Police had no probable cause to make an arrest and no one signed a complaint against Crimo III, according to Sgt. Chris Covelli, spokesman for the Lake County Major Crimes Task Force. But Highland Park police reported the incident to the Illinois State Police, the agency that issues gun permits in Illinois.

Pearson said there were many red flags in the Cremo 3 case, and “a lot of guilt that could be overlooked.”

Parental responsibility

Since 2021, the Lake County State’s Attorney’s Office has filed more than 80 reckless conduct cases, but none of those cases involved parents sponsoring FOID requests for troubled teens, according to the office.

At least two of the cases involved adults who allowed children to obtain firearms, authorities said.

“The fact that no other charges have been filed similar to Mr. Cremo’s case only goes to show how rare Cremo’s reckless and criminal actions are with regard to an assault weapon,” a representative for the state’s Attorney’s Office said in an email statement.

While attempts to reach Cremo Jr.’s defense attorney, Jorge Gomez, have been unsuccessful, Gomez has previously stated that the charges against the father hinge on questions of law, not facts, about whether the action constitutes a crime.

“It is a rare case with rare facts,” Gomez said in July.

Often times, parents of mass shooters do not take responsibility for their children’s actions. However, the parents of the young alleged mass shooter in Michigan face manslaughter charges in the November 2021 shooting at Oxford High School.

Prosecutors say James and Jennifer Crumbley should have anticipated the carnage and intervened beforehand. The parents bought their son the gun used in the shooting, despite knowing he struggled with mental health. On the morning of the shooting, parents were called to school because of a disturbing drawing, but did not bring it home.

Post, who has studied the profiles of mass shooters, said many of them are not held accountable by their parents for their behavior before mass violence occurred.

As a sophomore, Cremo III dropped out of high school, which Post said is almost universal among mass shooters.

“Sophomores are 16 years old. In hindsight, he’s 21 and commits mass murder, so he was enabled all those years and wasn’t allowed to do anything,” Post said.

She said a rational-minded parent would set limits for their teens, hold them accountable and ask them to go to school or work.

In addition, Post said, many mass shooters suffer from parental neglect, or are exposed to violence at home, leaving parents ill-equipped to notice the potential harm their children may cause.

“The apple didn’t fall far from the tree,” Post said. “They’re not good parents to begin with, so they’re not really in a good position to determine that this person is OK. Everything about (Crimo III) points to ongoing and escalating anti-social behavior.”

Parents are sometimes accused of violating child access prevention laws, which require firearm owners to safely lock their firearms so young people can’t access them, said Daniel Webster, director of the Johns Hopkins Center for Gun Policy and Research, but Cremo Jr. charges . Unprecedented.

“It kind of contributes very directly to the homicides, rather than just kind of negligently with safe storage,” Webster said.

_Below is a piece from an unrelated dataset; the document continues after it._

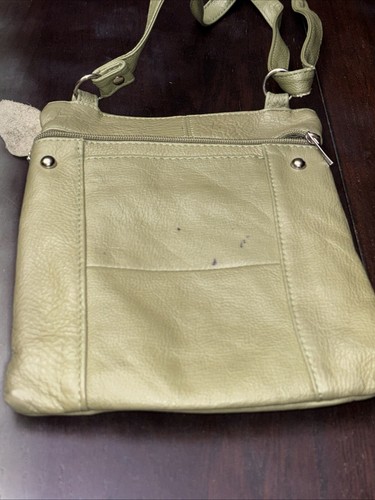 Bandolera pequeña de cuero verde sin marca correa ajustable 9,5x8x2 - Imagen 5 de 16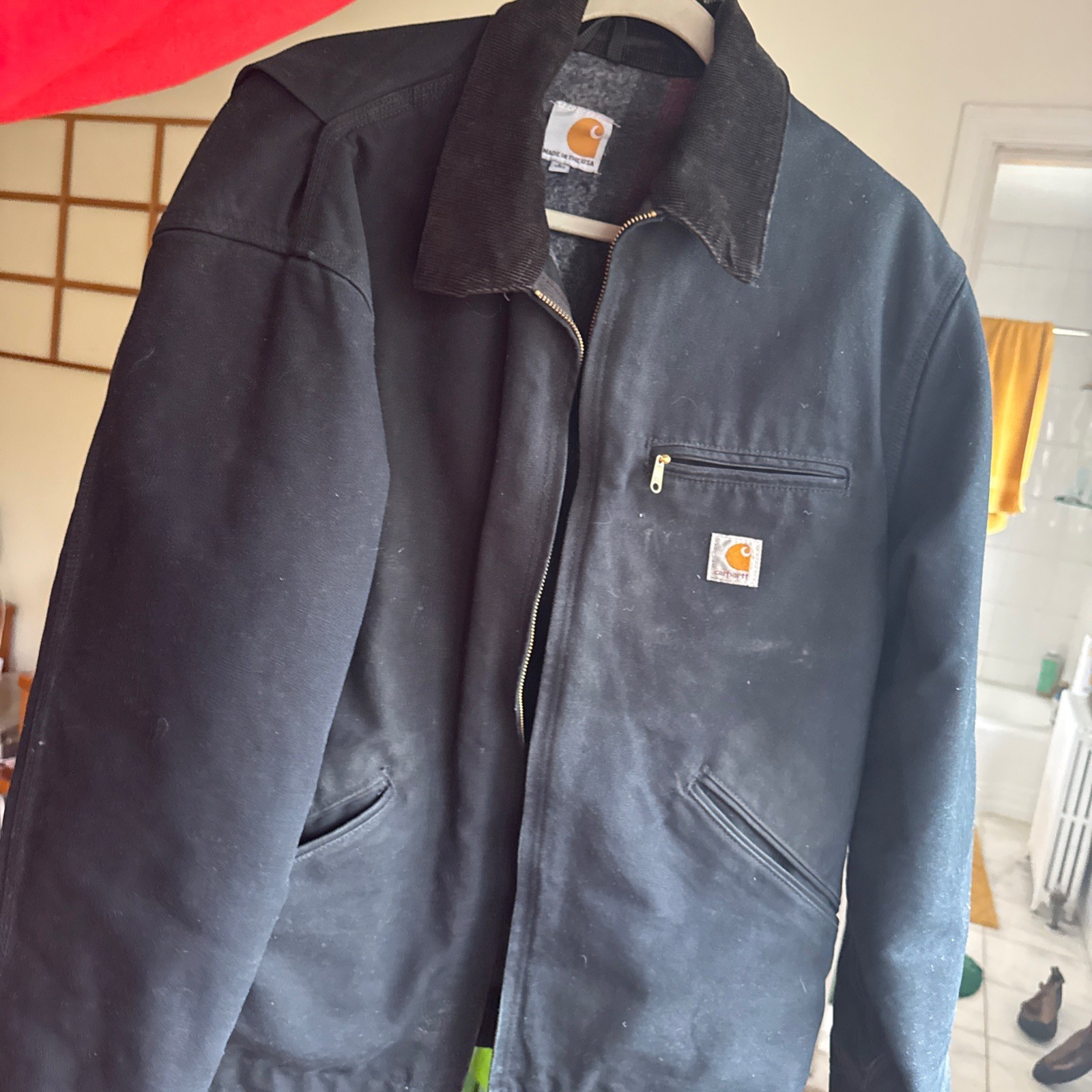 Vintage Carhartt Detroit Jacket Blanket Lined Black Made in USA Men\'s Large Tall Vintage Carhartt Detroit Jacket Blanket Lined Black Made in USA Men\'s Large Tall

A report from the Center for Gun Violence Solutions at Johns Hopkins University found that Illinois is an “outlier” in allowing parents or guardians of 18- to 21-year-olds to acquire gun ownership.

The report notes that people in this age group have high rates of homicide and suicide, and engage in risky behavior that leads to gun injury as well.

Webster, who has studied parents’ views on firearms in the home, said parents generally don’t realize, or deny, that their teen may be experiencing suicidal thoughts and the extent to which firearms are related to their child’s survival.

He suspects there is more denial that a child committed a heinous act, such as a mass shooting.

When it comes to parents who own guns, Webster said they usually don’t think of guns as something risky.

“A lot of (gun owners’) mentality is that it’s not about the guns. ‘If someone wants to do something terrible, they’ll do something terrible,'” Webster said. “There are profound cultural differences in how people think about guns, and whether they pose a problem.” “Inherent risks, even under notable circumstances.”